Erdoğan aynı konuşmasında şunları da söyledi: “Buradan çıkacak netice benden sonra gelecek kardeşlerim için bir emanetin devri olacak.” Peki, emaneti kime devredecek? Yıllardır Erdoğan’dan sonra kimin geleceği konusu insanların aklını kurcalıyor. Yukarıda da belirttiğim gibi bunun vaktin henüz erken olduğunu düşünüyorum ama yerine kimin geçebileceğiyle ilgili de bir iki kelam etmek istiyorum.
Hiç kuşku yok ki Erdoğan, kendinden sonra damadı Berat Albayrak’ı AKP Genel Başkanlığı ve Cumhurbaşkanlığı koltuğunda görmek isterdi. Albayrak’ın, siyasete hızlı bir başlangıç yaparak Enerji ve Tabi Kaynaklar Bakanlığı ile Hazine ve Maliye Bakanlığına getirilmesi, Erdoğan sayesinde olmuştu. Ayrıca birlikte katıldıkları basın toplantılarında Erdoğan, Albayrak’a daha vakur durması için kameralar karşısında dürterek uyarıyordu.
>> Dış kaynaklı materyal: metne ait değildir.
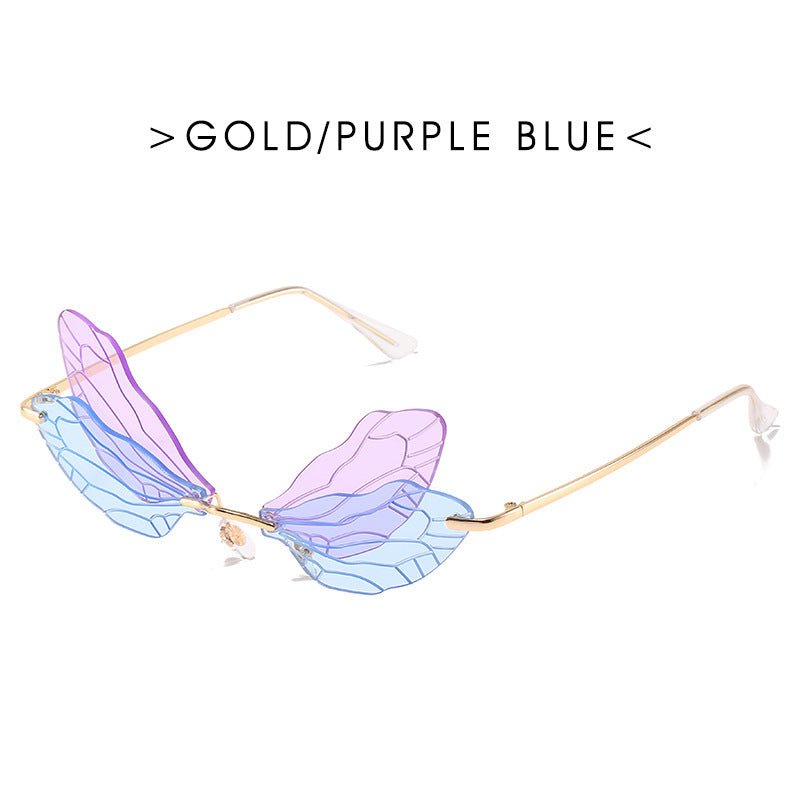 Dragonfly wings sunglasses $25.50 Dana Fashion Color: GLOD PURPLE BLUE Women's Accessories Specification: Adult Glasses structure: frame Whether it is polarized: No Lens material: PC Style: personality Frame material: metal Anti-UV grade: UV400 Style: Gen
Devlet adamlığı ve liderlik nasıl olur uygulamalı olarak gösteriyordu.
Fakat istediği olmadı. Albayrak, Hazine ve Maliye Bakanı’yken karşı karşıya kalınan kur şokları ve sosyal medyada yediği linçler sebebiyle dayanamayıp görevinden istifa etti ve gözlerden uzak kalmayı tercih etti. Böylece Erdoğan’ın yerini alma ihtimali de ortadan kalkmış oldu.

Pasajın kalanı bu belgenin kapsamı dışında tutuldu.